Task item:
Starting at the line that contains "Petrol Industries Langarmshirt", write out each line through the end of the data below, exactly as it stands. Skip any pictures.

Given material:
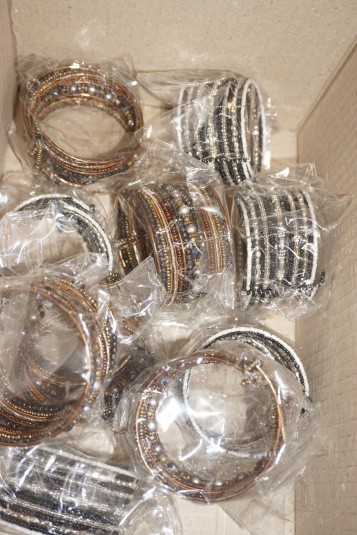 Perlen-Armbänder. 5 schwarze und 5 braune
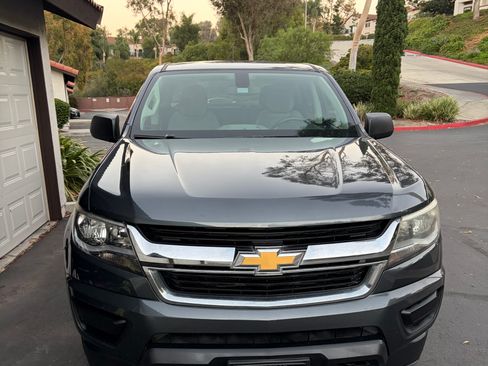 Used 2017 Chevrolet Colorado W/T AWD/4WD image 5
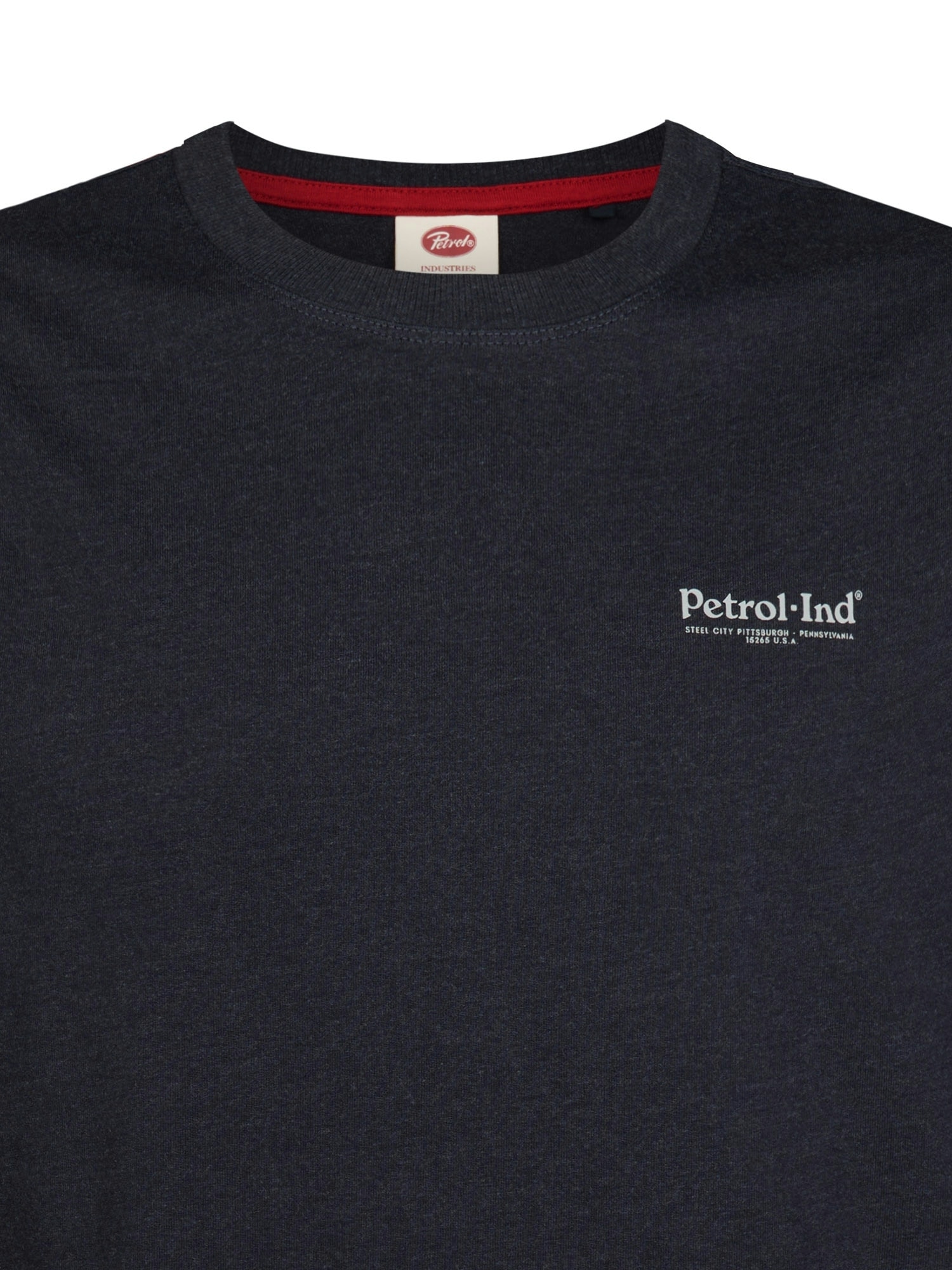 Petrol Industries Langarmshirt mit Rundhalsausschnitt, kleine Logoprägung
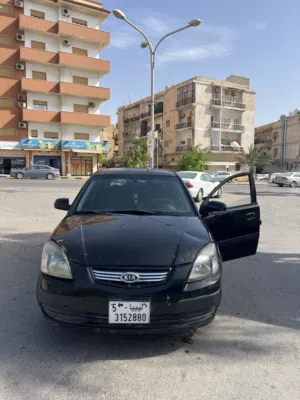 Used Kia Rio in Tripoli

Answer for this exercise:
 Petrol Industries Langarmshirt mit Rundhalsausschnitt, kleine Logoprägung
 Used Kia Rio in Tripoli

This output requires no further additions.